With its source Lake Itasca, in Itasca State Park in northern Minnesota, it is joined by the Missouri at Saint Louis and by the Ohio at Cairo, Illinois. The Mississippi drains most of the area between the Rocky Mountains and the Appalachian Mountains, except for the area drained by the Great Lakes.
It runs through, or borders, ten states in the United States -- Minnesota, Wisconsin, Iowa, Illinois, Missouri, Kentucky, Arkansas, Tennessee, Mississippi and Louisiana -- before emptying into the Gulf of Mexico about 100 miles (160 km) downstream from New Orleans.
The mouth of the river has shifted repeatedly over time. Since a canal was built in the early nineteenth century, the river has been seeking the Atchafalaya River[?] mouth, some 60 miles (95 km) from New Orleans. The U.S. Army Corps of Engineers maintains a massive system of locks to keep the river in its present course. (See http://www.ce.utexas.edu/stu/mcbraymc/ce385proposal )
Other changes in the course of the river have occurred because of earthquakes along the New Madrid Fault Zone, which lies near the cities of Memphis and St. Louis. Three earthquakes in 1811 and 1812, estimated at approximately 8 on the Richter Scale, were said to have temporarily reversed the course of the Mississippi. These earthquakes also created Reelfoot Lake in Tennessee from the altered landscape near the river.

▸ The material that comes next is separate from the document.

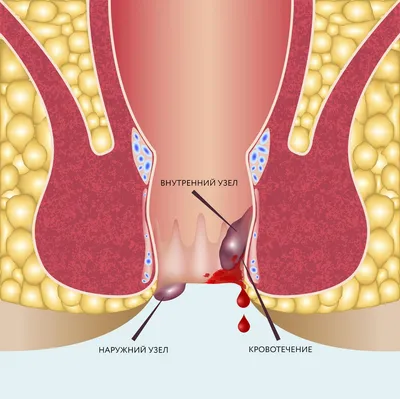 Лечение внутреннего геморроя — симптомы, причины и методы лечения болезни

The word Mississippi comes from the Ojibway name for the river, "Messipi", which meant big river.
In 2002 Martin Strel swam the entire length of the river.
Davenport, Iowa is the only city over 20,000 people bordering the Mississippi that has no permanent floodwall[?] or levy[?].
On May 8, 1541 Hernando de Soto became the first recorded white man to reach the Mississippi River (he named it Rio de Espiritu Santo). Louis Joliet and Jacques Marquette[?] began to exploring the Mississippi on May 17, 1673.